Suppose $f\in C([a,b])$ is twice continuously differentiable and $f''(x)>0$ on the interval. Show that the best linear approximation $p$ to $f$ has the slope $p'(x)=(f(b)-f(a))/(b-a)$.
To my understanding, due to the second derivative of $f$ being greater than 0 on the entire interval, then we know for sure $f$ itself has to be concave up on the entire interval. This and the fact that $f$ is concave up tells us that the maximum of $f$ must be in the interval, more specifically, at one of the endpoints. Also, there is a minimum somewhere else in the interval.
Now, by Taylor's theorem, we know there is a Taylor polynomial $p(x)=f(c)+f'(c)(x-c)$ at $c\in [a,b]$. Due to the linearity of $f$, we know it is a polynomial of degree $1$ and so $f$ must resemble $f(x)=mx+b$ where $m,b\in\mathbb{R}$.
But now I am stuck. Looking at $p'(x)=(f(b)-f(a))/(b-a)$, the right side seems to resemble the definition of the derivative of $f$ and intuitively, it makes sense to me that $p$ approximating $f$ will have this matching slope but I cannot seem to prove it.
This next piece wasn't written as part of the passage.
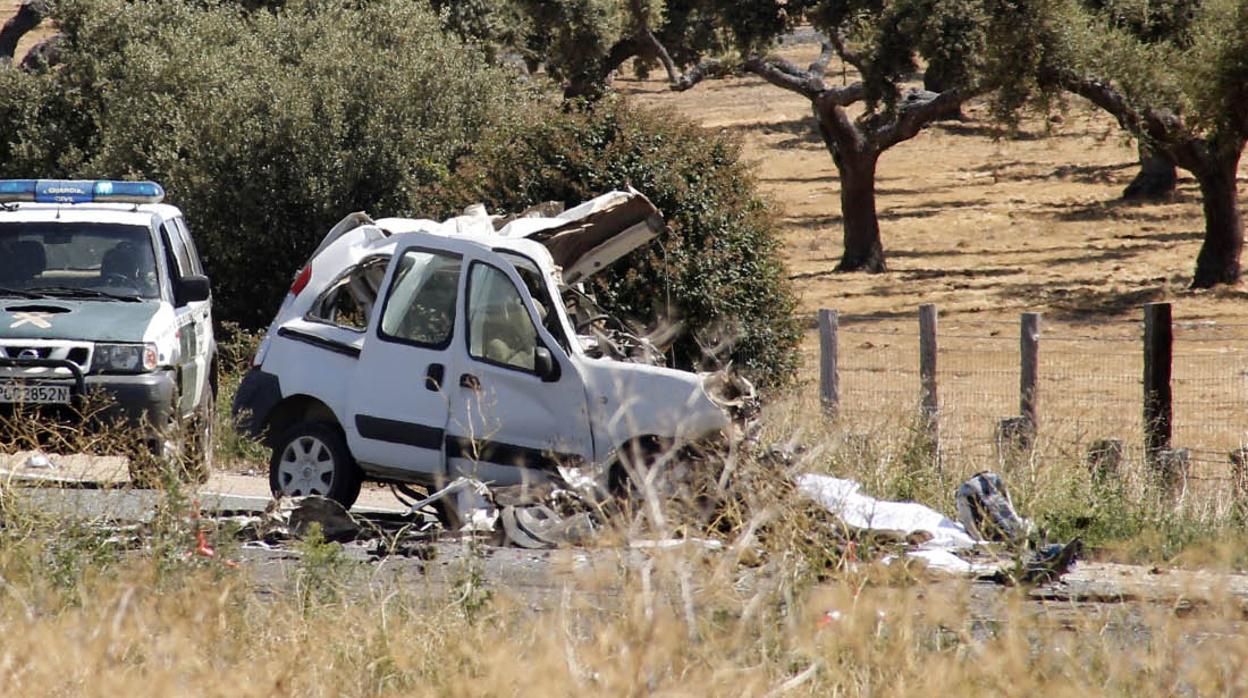 Imagen de la furgoneta siniestrada después de la brutal colisión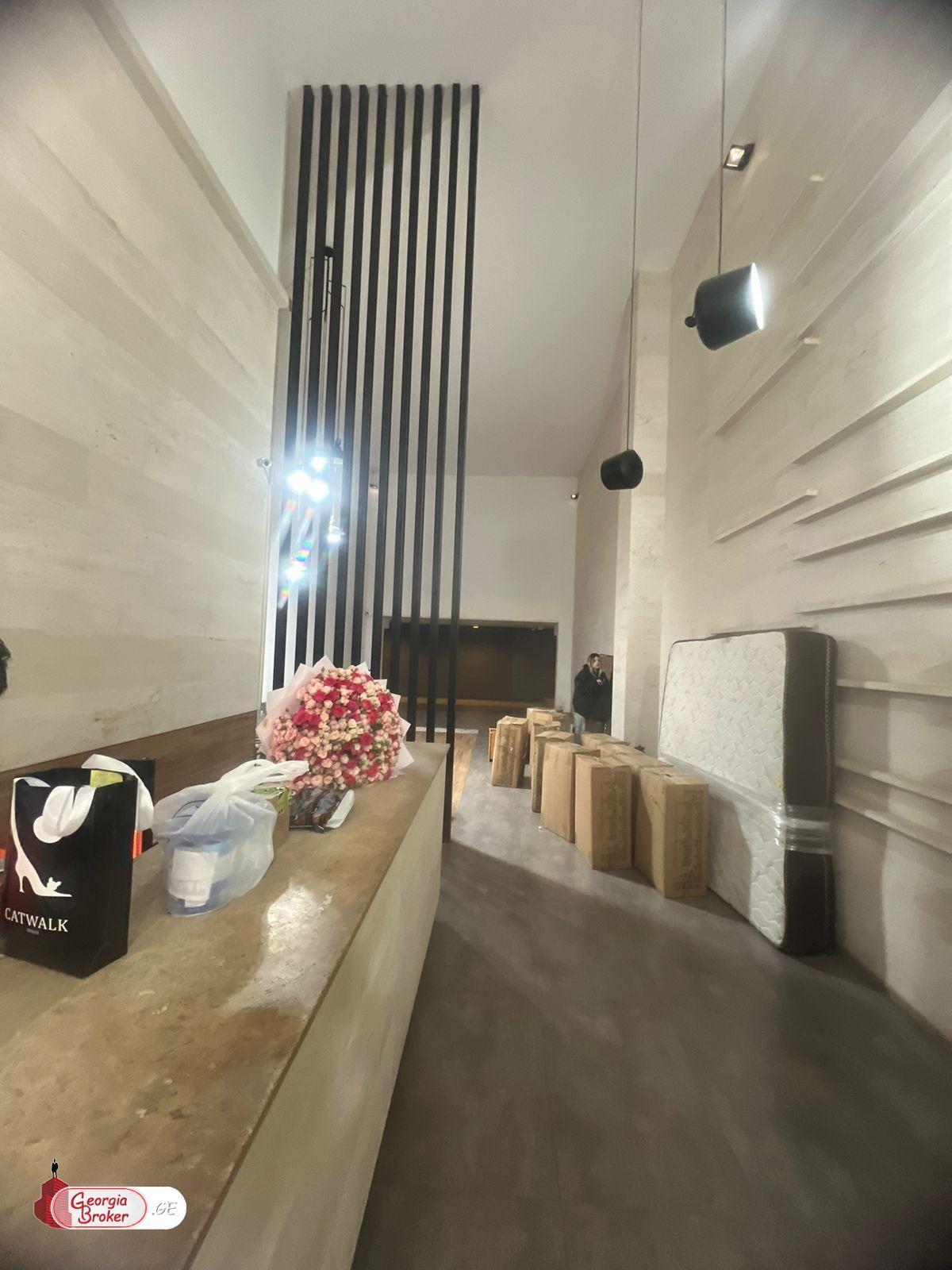 იყიდება ახალი გარემონტებული 5 ოთახიანი ბინა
How to proceed?
First we consider the case $f(a) = f(b)=0$. Since $f''>0$, we have $f(x) <0$ and $f(x)$ attains a minimum at some $c\in (a, b)$.
Then it is easy to check that $L(x) = \frac 12 f(c)$ (i.e. constant function) is the best linear approximation with $\|f - L\|_\infty = \frac 12 |f(c)|$ (you need only that $f(a) = f(b) = 0$ and $f(c)\le f(x)\le 0$ to show this).
In the general case, consider
$$ g(x) = f(x) - \frac{f(b)-f(a)}{b-a}(x-a) + f(a).$$
Then $g'' = f'' >0$, $g(a) = g(b) = 0$. Thus $g$ is best approximated by constant function, and thus $f$ is best approximated by linear functions with slope $$\frac{f(b) - f(a)}{b-a}.$$